An Implantable System for Intraocular Pressure Measurement and Control
To understand the causes and effects of glaucoma, researchers often rely on animal models whose eye pressure is elevated by experimental means. Traditional methods of elevating pressure can reproduce key features of the disease, but they are limited by factors that are difficult to control, including finite success rates, sporadic pressure information, and variable exposure histories. These limitations hamper research progress and may prevent major breakthroughs. The aim of this project is to develop a wireless implantable device for continuous measurement of eye pressure. The device will be incorporated into a smart pump system that would for the first time give glaucoma researchers and clinicians unprecedented control over eye pressure level.

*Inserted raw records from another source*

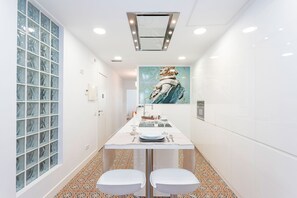 Apartment (2 Bedrooms) | Private kitchen | Full-size fridge, oven, stovetop, dishwasher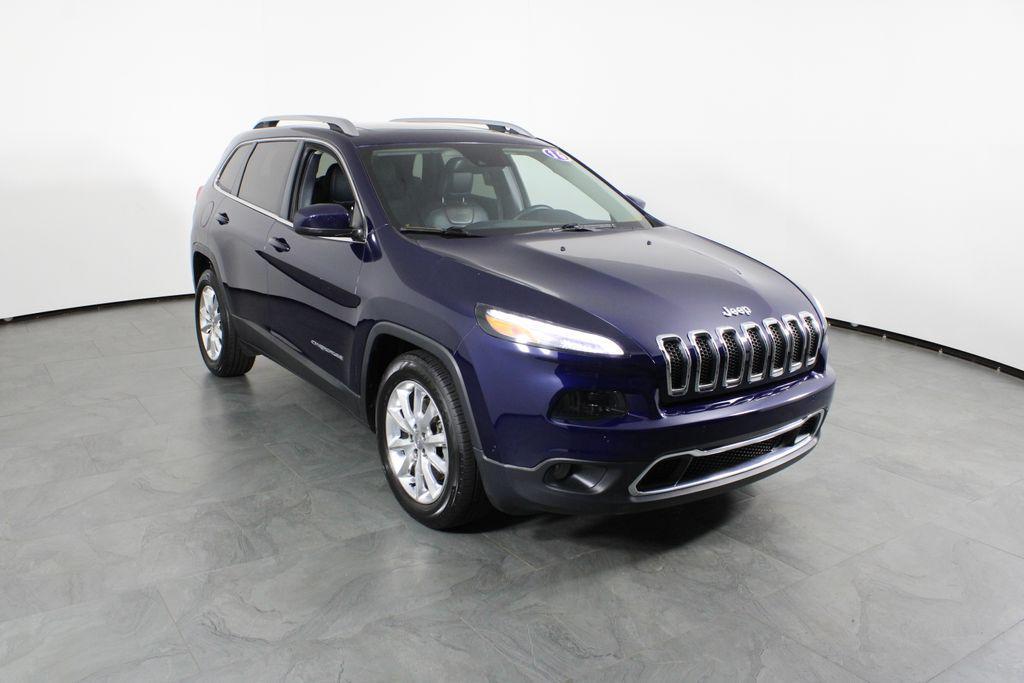 used 2016 Jeep Cherokee car, priced at $12,111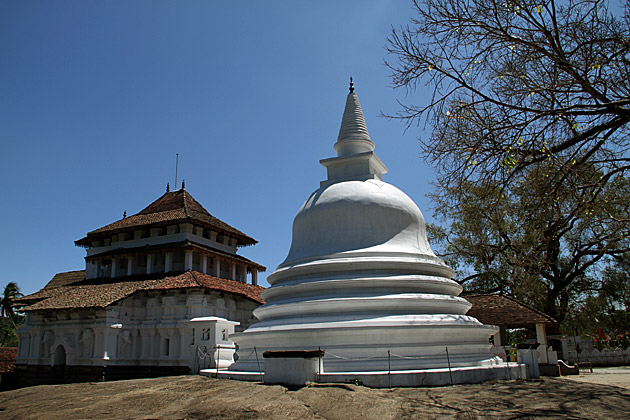 Lankatikale stupa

Dr. Passaglia is engineering an implantable device that continuously records eye pressure and wirelessly sends the data to a remote computer for storage and analysis. The device is intended for use in rats and larger mammals, which could include humans. It will give researchers, and ultimately clinicians, a detailed log of eye pressure history, which is essential for interpreting the impact of pressure on the eye and its relationship to glaucoma, as well as (potentially) the impact of treatment.
To understand the causes and effects of glaucoma and devise new treatments, researchers often use animal models in which eye pressure is increased by genetic or experimental means. The onset and time course of pressure changes are usually monitored in these animals by taping a handheld tonometer to the cornea. This is a laborious effort that is rarely done more than once a day, which means that moment-to-moment fluctuations in eye pressure and the impact of those fluctuations on eye function go unnoticed. The frequency of pressure readings is even more sporadic in a clinical setting, raising questions about the possible role of unseen pressure spikes in the disease.
Dr. Passaglia’s lab aims to address these issues by developing a wireless eye pressure sensor that is implantable in rats, a popular animal model for glaucoma research. A prototype has been built that directly measures pressure via a fine cannula running from a sensor placed under the skin to the anterior chamber of the eye. The cannula remains in position for months on end without damaging internal tissues, even in the freely-moving eye. The broader goal is to translate the system to larger mammals, which could include humans. There is a great need for such a system because commercial pressure-measurement devices were not designed for the eye and thereby suffer from issues of implant size, signal drift, transmission range, and battery life.
Dr. Passaglia’s lab is using the system to characterize the variability of pressure in normal and glaucomatous rat eyes in order to evaluate the hypothesized role of pressure history in glaucoma. Once fully functional, the system will also be made available to interested researchers to help speed progress in the fight against this thief of sight.